Large-area automatic detection of shoreline stranded marine debris using deep learning

Marine debris is a global crisis impacting human health, wildlife, and coastal economies. Remote sensing and geospatial technologies are an efficient way to document marine debris across large areas, but the high costs of fieldwork and manual interpretation of debris imagery are major barriers to broader use of these methods. Recent advances in machine learning (ML) have brought rapid automation to many remote sensing domains, including the detection and classification of marine debris. This study evaluates the ability to detect and classify coastline marine debris objects in a real-world setting across a large geographic extent. Three leading ML object detection models were trained to detect and classify large shoreline stranded marine debris from a set of aerial images collected over 1,900 km of Hawaiian coastline. The three models evaluated 1,587 image chips containing 10,703 individual debris labels from 8 debris classes.

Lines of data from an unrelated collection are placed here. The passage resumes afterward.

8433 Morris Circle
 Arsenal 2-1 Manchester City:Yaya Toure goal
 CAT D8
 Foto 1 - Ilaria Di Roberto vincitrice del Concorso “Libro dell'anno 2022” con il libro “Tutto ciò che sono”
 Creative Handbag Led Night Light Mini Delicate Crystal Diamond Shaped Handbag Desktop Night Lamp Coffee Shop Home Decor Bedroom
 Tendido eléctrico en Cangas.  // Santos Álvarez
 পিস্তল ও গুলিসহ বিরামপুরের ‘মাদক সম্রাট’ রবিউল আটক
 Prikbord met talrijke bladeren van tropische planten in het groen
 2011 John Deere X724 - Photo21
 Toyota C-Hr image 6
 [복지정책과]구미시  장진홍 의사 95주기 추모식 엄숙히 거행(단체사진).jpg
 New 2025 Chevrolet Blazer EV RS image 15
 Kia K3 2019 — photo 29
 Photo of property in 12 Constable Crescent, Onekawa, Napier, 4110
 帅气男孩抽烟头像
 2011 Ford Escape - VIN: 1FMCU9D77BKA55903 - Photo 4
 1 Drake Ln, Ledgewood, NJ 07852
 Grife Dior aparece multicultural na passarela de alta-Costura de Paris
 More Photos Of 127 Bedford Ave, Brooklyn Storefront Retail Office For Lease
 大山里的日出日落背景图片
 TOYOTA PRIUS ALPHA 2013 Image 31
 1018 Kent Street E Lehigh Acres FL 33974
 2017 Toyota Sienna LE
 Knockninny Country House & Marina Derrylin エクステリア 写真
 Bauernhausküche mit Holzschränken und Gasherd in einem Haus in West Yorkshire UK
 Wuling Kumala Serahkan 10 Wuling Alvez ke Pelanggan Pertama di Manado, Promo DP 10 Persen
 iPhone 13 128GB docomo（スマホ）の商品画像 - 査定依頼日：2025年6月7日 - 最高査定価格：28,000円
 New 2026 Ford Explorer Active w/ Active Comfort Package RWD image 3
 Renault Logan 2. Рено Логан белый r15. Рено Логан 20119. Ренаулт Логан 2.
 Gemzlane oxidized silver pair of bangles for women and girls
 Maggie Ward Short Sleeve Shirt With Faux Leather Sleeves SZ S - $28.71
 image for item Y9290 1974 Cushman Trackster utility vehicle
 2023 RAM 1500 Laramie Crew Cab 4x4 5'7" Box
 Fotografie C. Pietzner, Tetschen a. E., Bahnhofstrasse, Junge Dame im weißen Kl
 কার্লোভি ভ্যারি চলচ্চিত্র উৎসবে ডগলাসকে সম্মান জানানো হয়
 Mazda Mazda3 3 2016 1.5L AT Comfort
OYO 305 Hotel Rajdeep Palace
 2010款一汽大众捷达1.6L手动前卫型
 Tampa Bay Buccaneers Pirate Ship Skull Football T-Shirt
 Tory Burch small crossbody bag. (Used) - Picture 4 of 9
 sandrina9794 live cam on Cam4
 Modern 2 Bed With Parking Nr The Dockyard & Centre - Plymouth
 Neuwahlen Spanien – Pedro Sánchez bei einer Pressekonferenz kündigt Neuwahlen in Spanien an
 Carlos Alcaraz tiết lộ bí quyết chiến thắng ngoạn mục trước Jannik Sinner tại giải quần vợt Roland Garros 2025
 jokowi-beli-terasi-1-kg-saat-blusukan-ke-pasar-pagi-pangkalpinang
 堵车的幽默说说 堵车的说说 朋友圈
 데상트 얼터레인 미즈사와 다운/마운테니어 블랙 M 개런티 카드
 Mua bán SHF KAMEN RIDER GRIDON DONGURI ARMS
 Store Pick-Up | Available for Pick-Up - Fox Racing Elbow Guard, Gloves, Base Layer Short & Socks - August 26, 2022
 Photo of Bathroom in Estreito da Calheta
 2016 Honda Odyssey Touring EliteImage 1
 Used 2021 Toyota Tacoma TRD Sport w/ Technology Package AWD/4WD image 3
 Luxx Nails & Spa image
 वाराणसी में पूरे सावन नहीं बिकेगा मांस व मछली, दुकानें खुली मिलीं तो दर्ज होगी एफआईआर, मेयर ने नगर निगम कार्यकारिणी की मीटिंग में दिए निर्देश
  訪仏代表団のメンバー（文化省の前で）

The SS-MN was both the fastest model and provided the best percentage of accurate predictions, achieving an average precision of 72 %. Nonetheless, this performance was achieved at the expense of missing numerous debris objects, with an average recall of 40 %. The other models provided distinct advantages for certain object classes and use cases. The results show that ML techniques show strong potential to automatically detect and classify certain types of marine debris from aerial surveys. However, there are existing methodological and technical challenges left to overcome before ML methods can outperform human observers in manual interpretation of marine debris from imagery.